By contrast, the Atlantic hurricane season proved unusually quiet. None of the five hurricanes formed in 2025 made US landfall, the first such outcome since 2015.
Commercial lines carriers were largely insulated from California wildfire losses, which fell mainly on regional and mutual insurers.
Individual events failed to breach most excess-of-loss reinsurance layers, reflecting reinsurers’ continued retreat from high-frequency risks.
Fitch estimates the US commercial lines sector will post a combined ratio of about 94% for 2025. Underwriting profit is expected to narrow modestly in 2026, with combined ratios drifting toward 96% to 97% as catastrophe losses normalize.
- Homeowners insurance continues to benefit from prior rate increases and tighter policy terms, which have supported underwriting results.
- In private passenger auto, Fitch expects rate increases to persist into 2026, though at a slower pace than in recent years.
Reinsurance pricing softened materially at the January 2026 renewals, extending declines seen at midyear 2025. Risk-adjusted prices fell across most property catastrophe lines.
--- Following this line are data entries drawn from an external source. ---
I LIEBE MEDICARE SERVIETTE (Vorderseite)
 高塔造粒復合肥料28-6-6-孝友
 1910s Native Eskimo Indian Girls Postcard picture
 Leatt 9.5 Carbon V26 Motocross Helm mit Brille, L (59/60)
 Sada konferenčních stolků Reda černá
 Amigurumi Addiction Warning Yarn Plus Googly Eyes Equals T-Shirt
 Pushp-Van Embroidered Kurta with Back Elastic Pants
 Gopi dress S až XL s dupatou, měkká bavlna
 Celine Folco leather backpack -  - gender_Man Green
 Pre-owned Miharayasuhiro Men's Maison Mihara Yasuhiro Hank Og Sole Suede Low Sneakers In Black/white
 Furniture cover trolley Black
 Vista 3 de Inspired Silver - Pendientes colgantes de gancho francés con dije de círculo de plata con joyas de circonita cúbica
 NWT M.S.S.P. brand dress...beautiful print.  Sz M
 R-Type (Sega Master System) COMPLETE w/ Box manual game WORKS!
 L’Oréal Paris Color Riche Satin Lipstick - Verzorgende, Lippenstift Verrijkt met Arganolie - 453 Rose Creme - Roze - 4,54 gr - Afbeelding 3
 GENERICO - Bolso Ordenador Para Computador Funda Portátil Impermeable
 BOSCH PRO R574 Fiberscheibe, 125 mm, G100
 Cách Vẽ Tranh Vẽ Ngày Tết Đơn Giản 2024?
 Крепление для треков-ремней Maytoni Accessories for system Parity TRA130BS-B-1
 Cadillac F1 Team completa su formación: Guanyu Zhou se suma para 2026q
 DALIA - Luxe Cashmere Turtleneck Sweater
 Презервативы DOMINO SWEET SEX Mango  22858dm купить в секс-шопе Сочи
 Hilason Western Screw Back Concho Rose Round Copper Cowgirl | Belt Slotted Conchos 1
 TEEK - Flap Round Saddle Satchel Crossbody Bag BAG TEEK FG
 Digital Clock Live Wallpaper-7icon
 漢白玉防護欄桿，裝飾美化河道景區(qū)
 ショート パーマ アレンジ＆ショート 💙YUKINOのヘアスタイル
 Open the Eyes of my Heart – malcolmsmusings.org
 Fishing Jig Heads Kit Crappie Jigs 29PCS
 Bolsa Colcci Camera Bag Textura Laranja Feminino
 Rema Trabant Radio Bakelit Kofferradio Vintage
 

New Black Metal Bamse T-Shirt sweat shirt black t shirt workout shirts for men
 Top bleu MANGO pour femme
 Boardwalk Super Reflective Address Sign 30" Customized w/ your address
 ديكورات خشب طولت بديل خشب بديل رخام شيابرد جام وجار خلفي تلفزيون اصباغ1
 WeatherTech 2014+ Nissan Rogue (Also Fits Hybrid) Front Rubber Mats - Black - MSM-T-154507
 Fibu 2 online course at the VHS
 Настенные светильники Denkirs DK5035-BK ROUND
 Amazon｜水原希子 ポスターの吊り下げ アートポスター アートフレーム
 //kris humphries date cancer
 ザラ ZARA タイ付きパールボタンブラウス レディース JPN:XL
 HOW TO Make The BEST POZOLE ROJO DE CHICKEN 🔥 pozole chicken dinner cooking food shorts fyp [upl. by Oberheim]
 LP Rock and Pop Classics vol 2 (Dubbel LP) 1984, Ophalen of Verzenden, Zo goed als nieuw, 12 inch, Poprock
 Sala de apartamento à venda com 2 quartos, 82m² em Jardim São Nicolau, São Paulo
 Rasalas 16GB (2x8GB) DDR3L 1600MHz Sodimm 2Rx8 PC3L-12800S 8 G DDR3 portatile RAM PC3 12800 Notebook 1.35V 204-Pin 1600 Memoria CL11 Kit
US and European loss-affected business saw rate declines of as much as 5%. For US property catastrophe loss-free accounts, pricing dropped up to 20%, compared with a range of down 10% to up 10% a year earlier.
European property pricing for loss-free business also declined by as much as 20%, versus a range of down 15% to up 5% in 2025.
Fitch expects softer conditions to persist into the April 2026 Asia-focused renewals and the June and July Florida renewals.
Capacity growth and competitive pressure are likely to drive gradual price erosion and looser terms in property reinsurance, absent significant loss activity.
Pricing discipline remains intact, however, with loss ratios still benefiting from favorable frequency trends.
Catastrophe risk remains the primary source of volatility for P&C insurers. The sector holds sufficient capital to absorb a major single-event loss, such as a severe hurricane.
Fitch cautions that a cluster of large losses over a short period would strain capital positions and could trigger rating pressure.
Fitch’s deteriorating outlook for global reinsurance reflects expectations of weakening operating and business conditions through 2026, even as capitalization remains strong.
Competitive pricing, easing terms, and rising exposure complexity are expected to weigh on reinsurer fundamentals despite the sector’s current financial resilience.